I have never owned a printer, nor have I ever really felt the urge to own one, given that most of what I would print is largely handled digitally these days – movie and plane tickets can go on my phone, I don’t print anything for work, and if I want a photo done nicely, I’ll usually have it printed professionally. Assumingly like many people, It’s really only for loose ends that I need a printer, such as for physical documents or for return labels (like faulty products, or in my line of work, the return of review units).

Up until now, I’ve been happy using the printer at work for these loose ends, but thanks to HP, I’m starting to come to a point where I’m thinking of a printer as a ‘have it, and not need it’ thing, rather than ‘need it, and not have it’ – even if I’m living in a small apartment without much space to waste.

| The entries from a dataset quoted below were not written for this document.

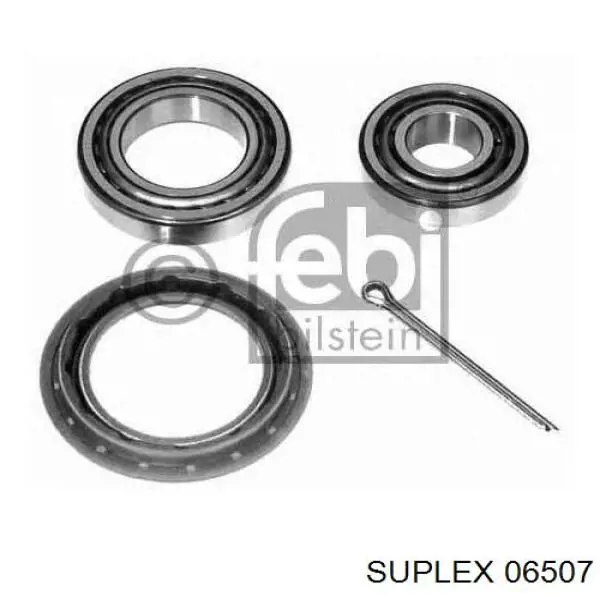 993852 Sachs Пружина амортизатора передняя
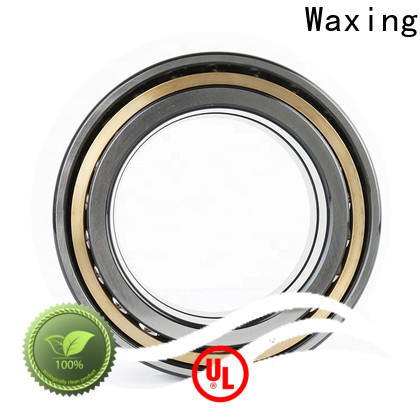 Waxing pre-heater fans cheap angular contact bearings low friction wholesale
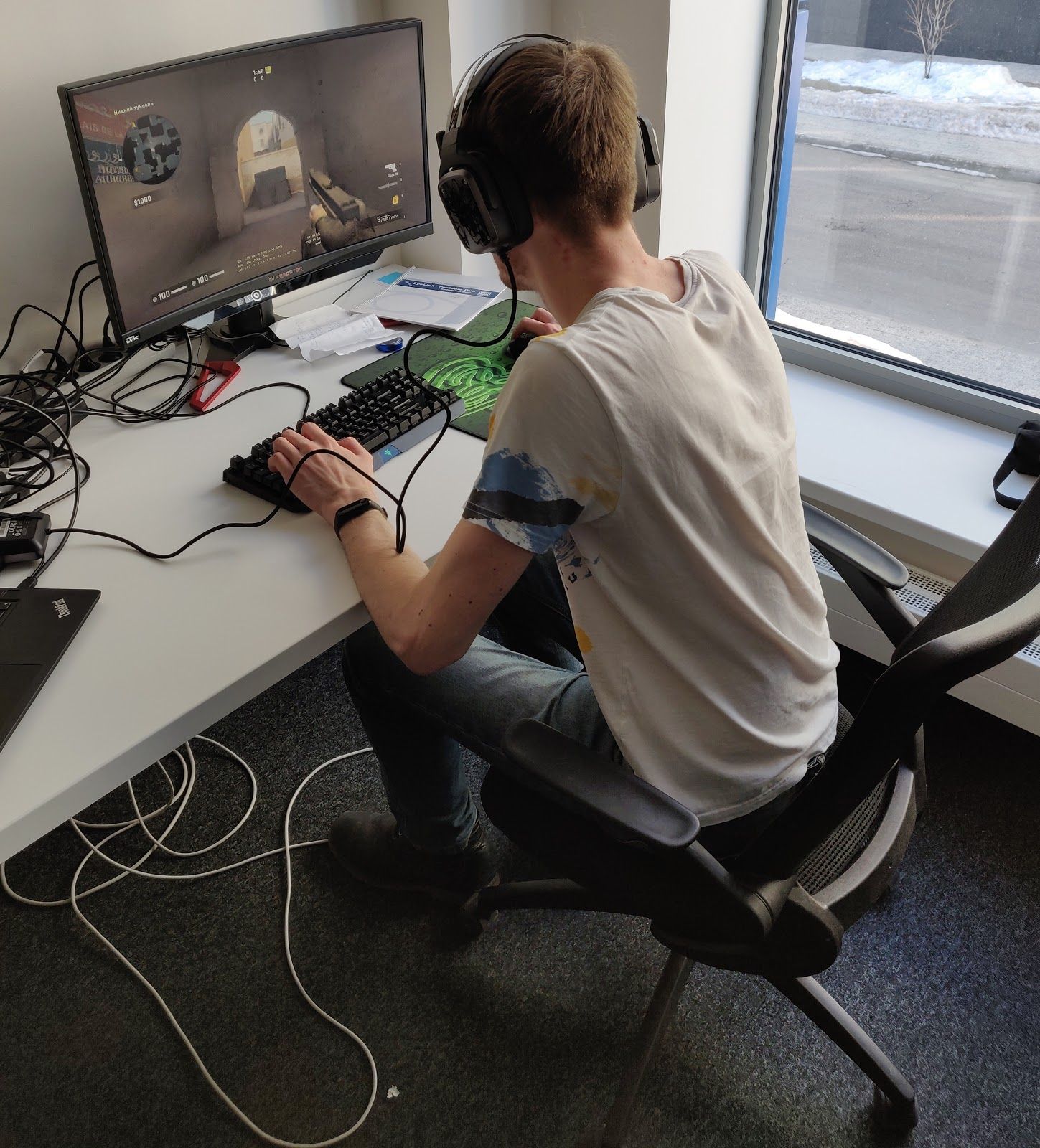 Фото: пресс-служба Сколтеха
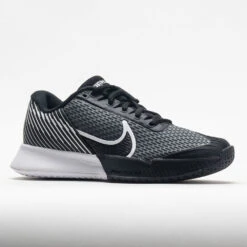 Nike Zoom Vapor Pro 2 Women's Black/White 12 Nike Zoom Vapor Pro 2 Women's Black/White -BROOKS Store 117248 5
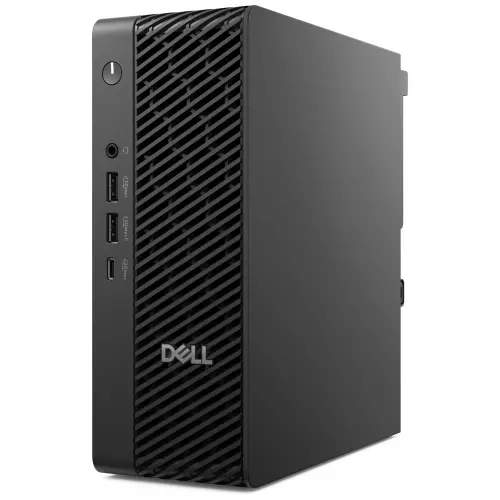 obrázek produktu DELL Pro Max Micro FCM2250 (65YCK) - černá
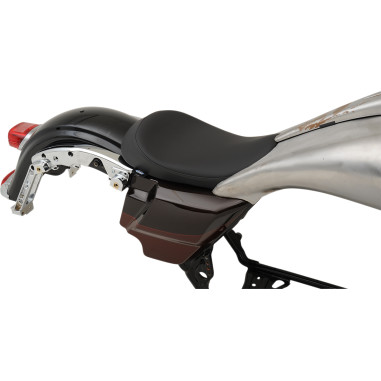 EZ-ONSOLO SEAT FOR YAFFE RAZORBACK FUEL TANK
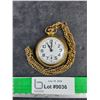 Image 1 : Vintage Sears Pocket Watch - As is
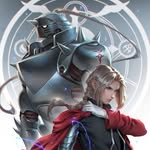 Matthew Neff - @fullmetalalchemist28 - Instagram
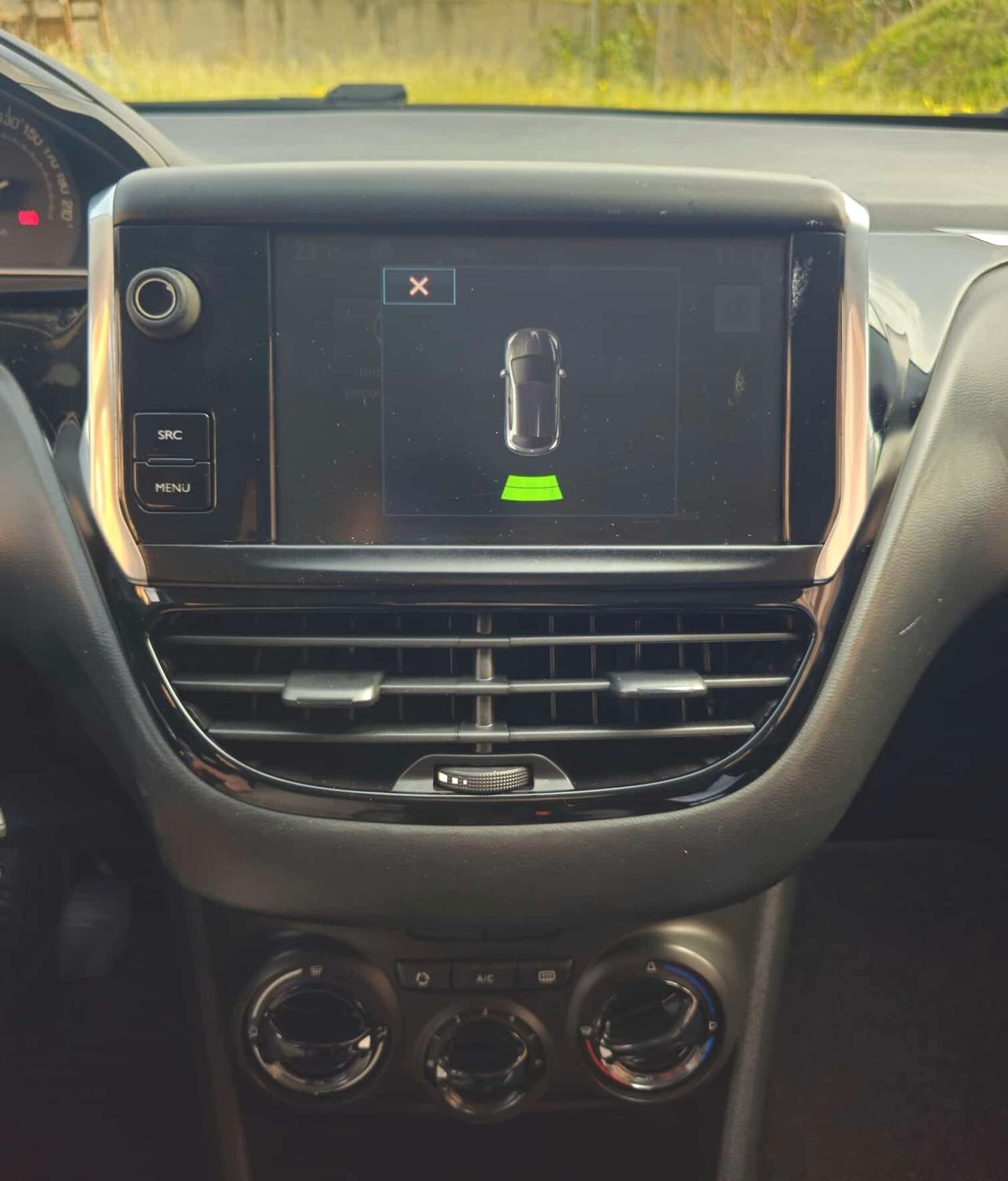 Peugeot 208 BlueHDi 75 5 porte Allure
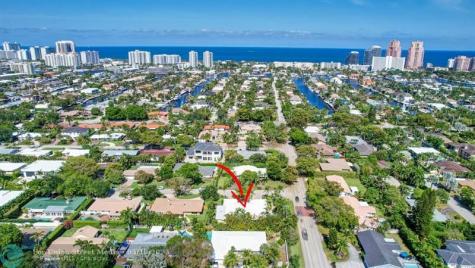 2601 NE 27th Terrace Fort Lauderdale FL 33306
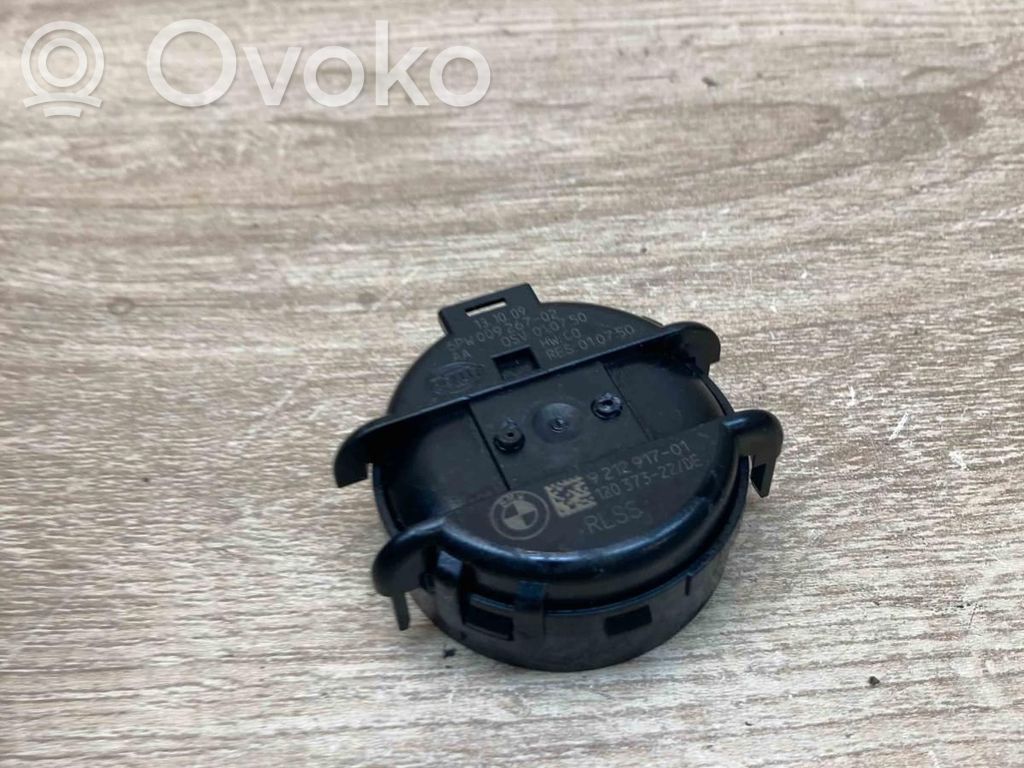 BMW 5 E60 E61 Rain sensor 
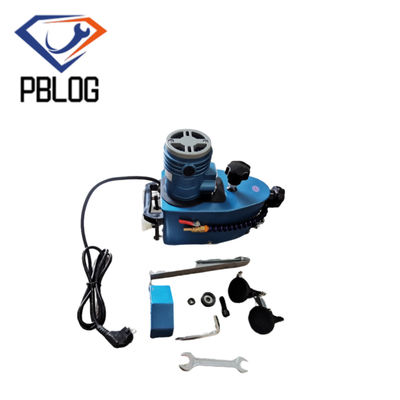 OBM-Schiefer-Glasrand-Maschine 220V/380V Diamond Polishing Machine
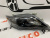 Фара правая черная Toyota Camry 2009-2011, аналог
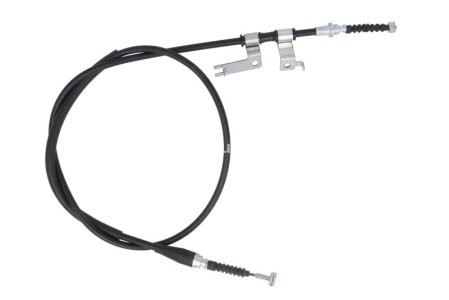 Cablu frână de mână ADRIAUTO, spate, stânga (1685mm /1480mm) pentru: MAZDA 323 F VI, 323 S VI, 626 V 1.3-2.0D 05.97-05.04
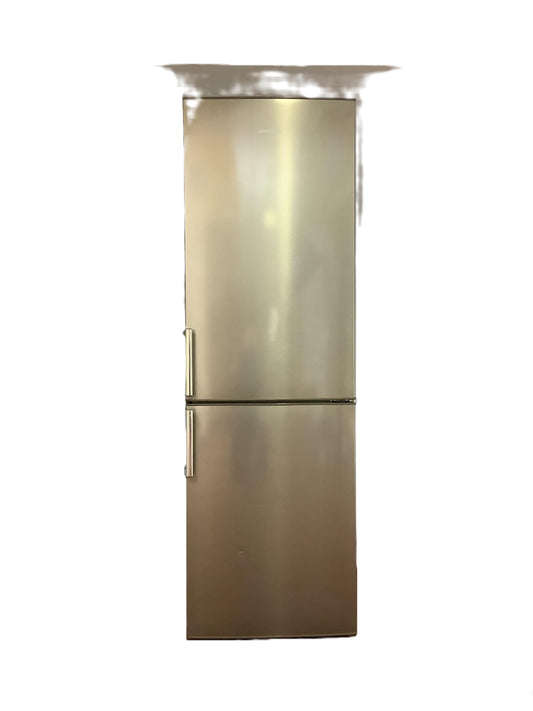 Kenwood Fridge Freezer KFC60X15 L50282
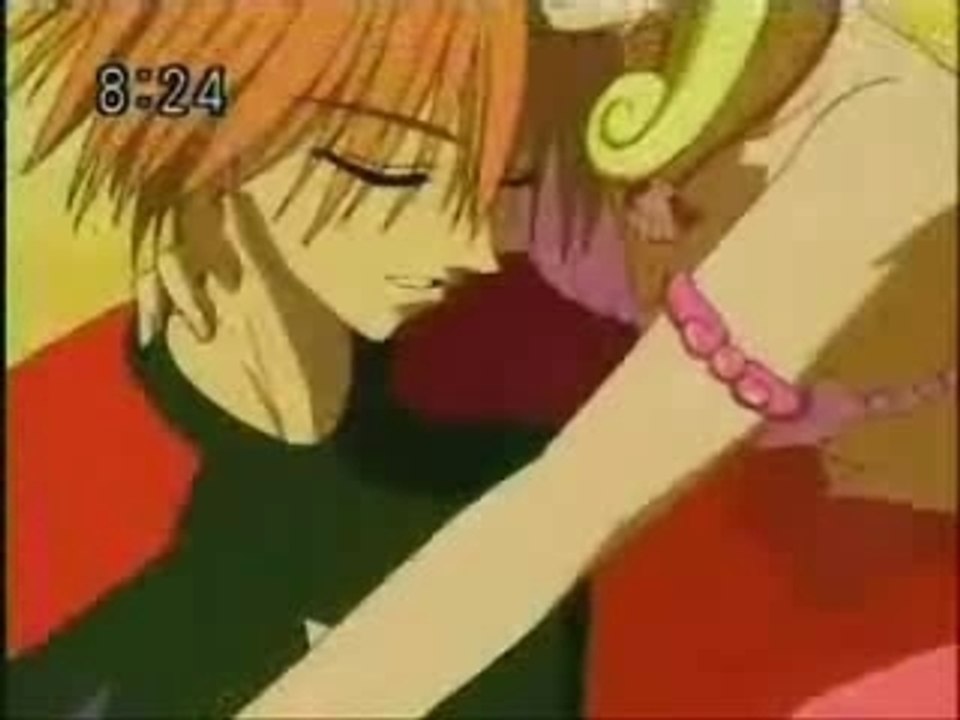 Mermaid Melody AMV - Maze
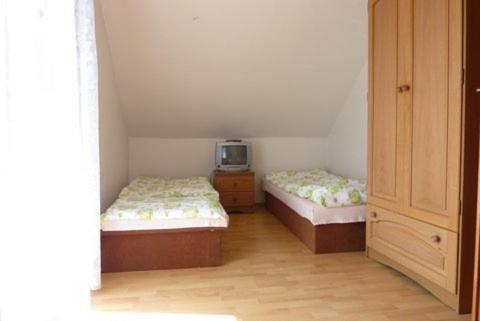 فيلا Apartman Foldes Tibor Veľký Meder المظهر الخارجي الصورة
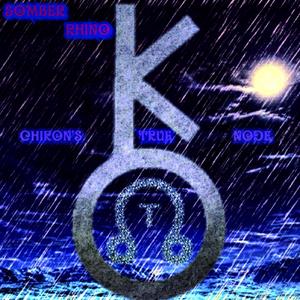 Chiron's True Node (2025 Remaster)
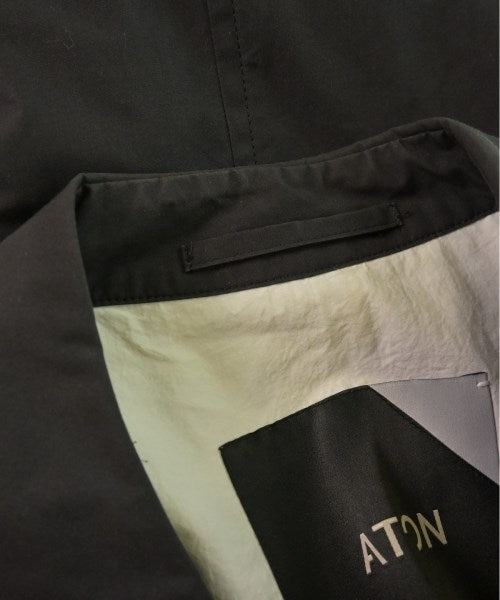 ATON เสื้อคลุมคอปก Soutien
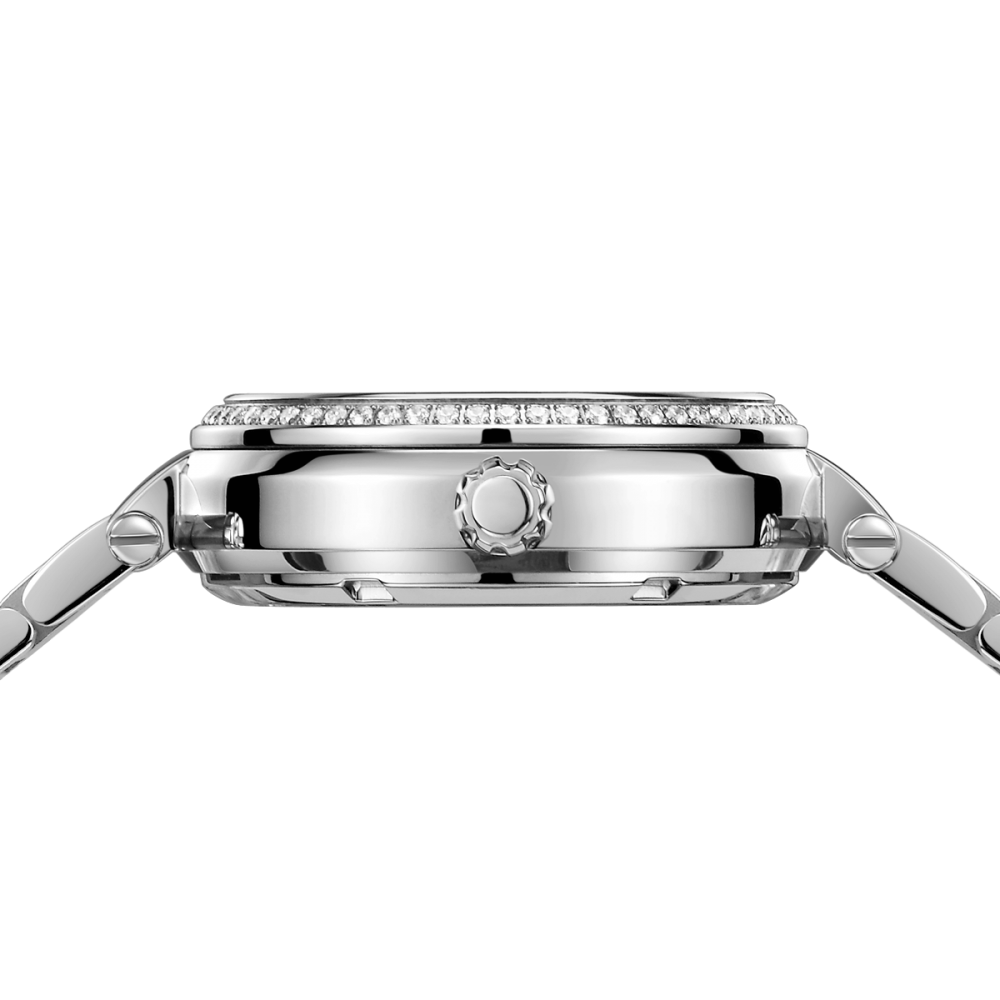 Montre mécanique de luxe Beiji - Sapphire Crystal Display avis et prix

This week, HP launched its newest range of printers in Australia – additions to the ‘Smart Tank’ collection, which have a focus on bulk-filled ink in bottles rather than cartidges. HP’s billing these new printers as a sustainable solution that won’t need ink refills for a long time (up to between 6,000 black and 8,000 colour pages out of the box, in fact), built with 45 per cent post-consumer recycled content.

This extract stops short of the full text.